ECLI:NL:RVS:2025:4444
Raad van State
- Hoger beroep
- Rechtspraak.nl
Hoger beroep tegen vrijheidsontnemende maatregel opgelegd door de minister van Asiel en Migratie
In deze zaak heeft de minister van Asiel en Migratie op 30 mei 2025 een vrijheidsontnemende maatregel opgelegd aan de appellant. De rechtbank Den Haag, zittingsplaats Amsterdam, heeft op 16 juni 2025 het beroep van de appellant tegen deze maatregel ongegrond verklaard en het verzoek om schadevergoeding afgewezen. De appellant, vertegenwoordigd door mr. D. van Elp, heeft hiertegen hoger beroep ingesteld.
De Afdeling bestuursrechtspraak van de Raad van State heeft op 22 september 2025 uitspraak gedaan in het hoger beroep. De Afdeling oordeelt dat de rechtbank terecht en op goede gronden tot haar oordeel is gekomen. De Afdeling neemt de motivering van de rechtbank over en concludeert dat het hoger beroep niet leidt tot vernietiging van de uitspraak van de rechtbank. Er zijn geen vragen in het hogerberoepschrift die in het belang van de rechtseenheid, rechtsontwikkeling of rechtsbescherming beantwoord moeten worden.

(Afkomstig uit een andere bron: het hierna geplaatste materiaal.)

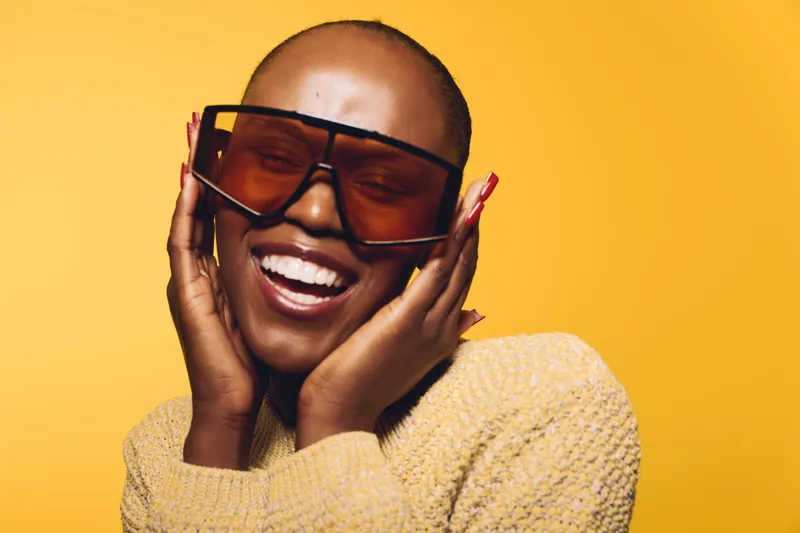Happy black woman with dark skin wearing large sunglasses and a cozy beige sweater smiles joyfully on bright yellow background. Concept of fashion, style, and positive mood.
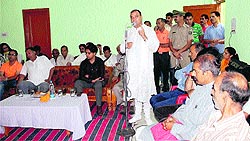 Excise and Taxation Minister Prakash Chaudhary addresses a meeting at Rewalsar in Mandi on Tuesday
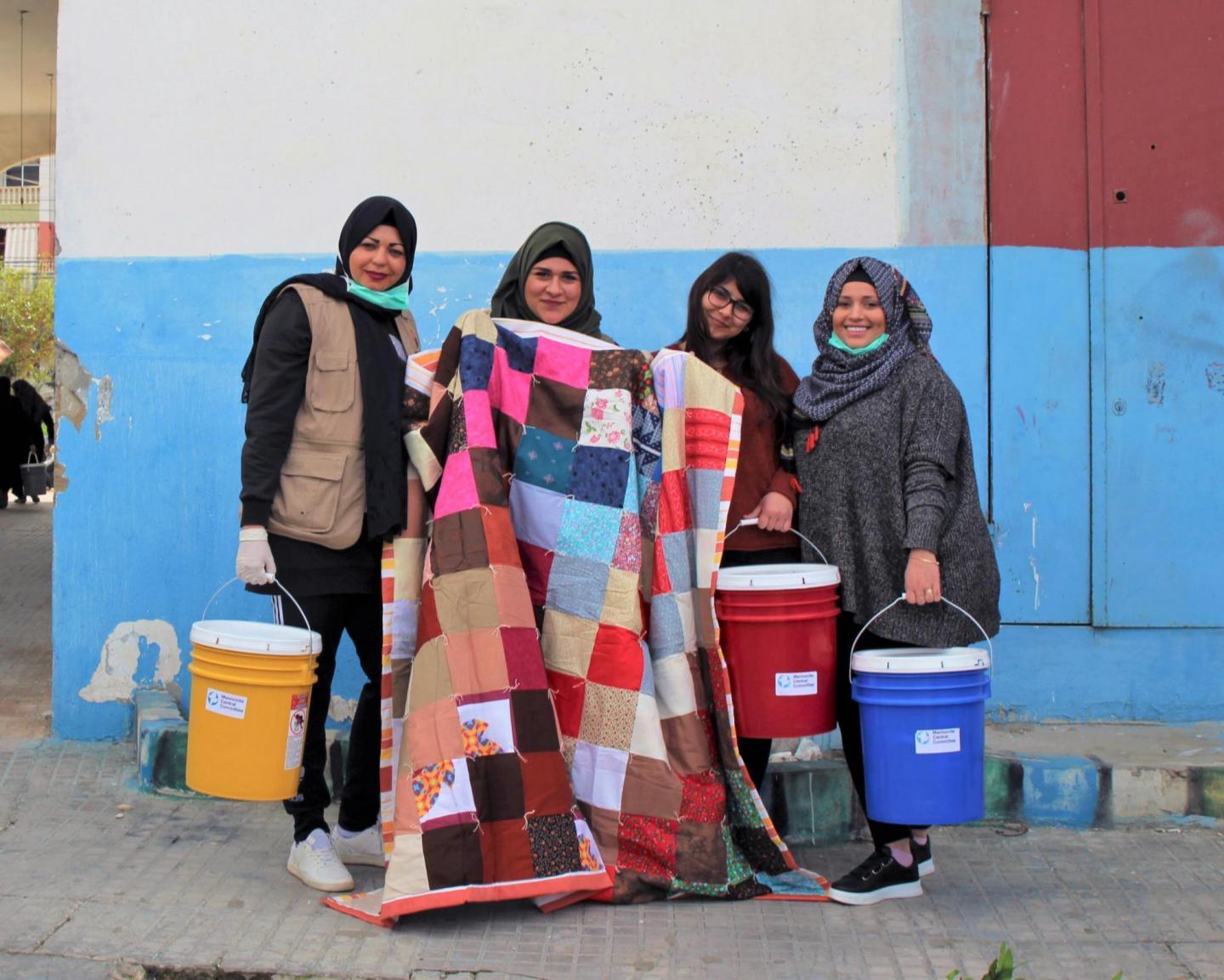 Four women stand together and pose with a comforter and three five-gallon buckets.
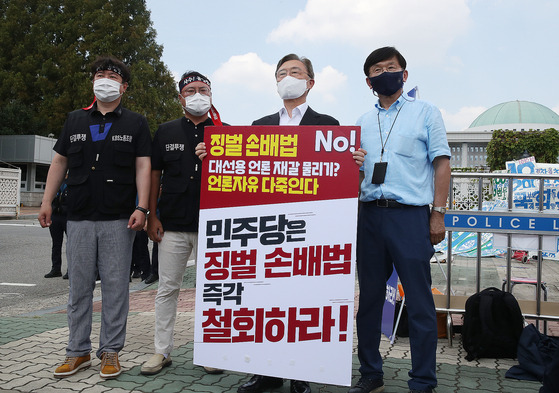 국민의힘 대선 주자인 최재형 전 감사원장이 10일 서울 여의도 국회 앞에서 허위 조작 보도에 징벌적 손해배상 적용을 내용으로 하는 언론중재법 개정안 반대 릴레이 시위 현장을 방문해서 반대 팻말을 들고 있다. [중앙포토]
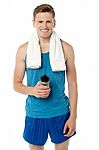 Fitness Guy Holding Sipper Bottle Stock Photo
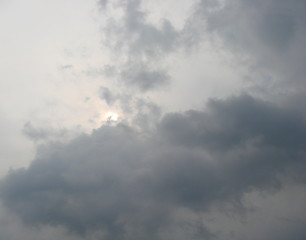 Panorama of the sky, where the southern sun tries to break through the dense wall of stormy clouds.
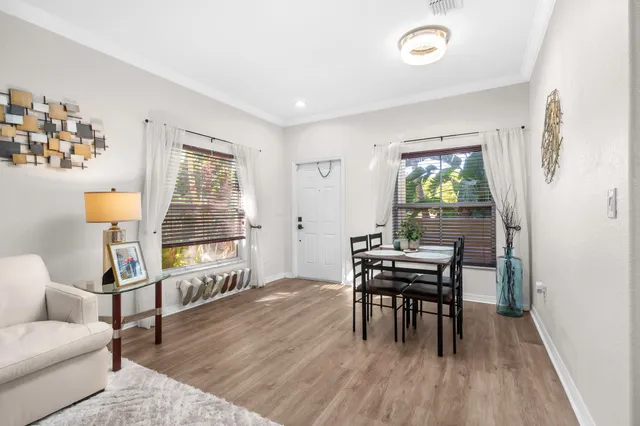 a work room with furniture and wooden floor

De Afdeling ziet ook geen reden om de grensdetentie onrechtmatig te achten. Het hoger beroep is ongegrond en de uitspraak van de rechtbank wordt bevestigd. De minister van Asiel en Migratie hoeft geen proceskosten te vergoeden. De uitspraak is gedaan door mr. J.C.A. de Poorter, lid van de enkelvoudige kamer, in tegenwoordigheid van mr. J.R. Kraak, griffier.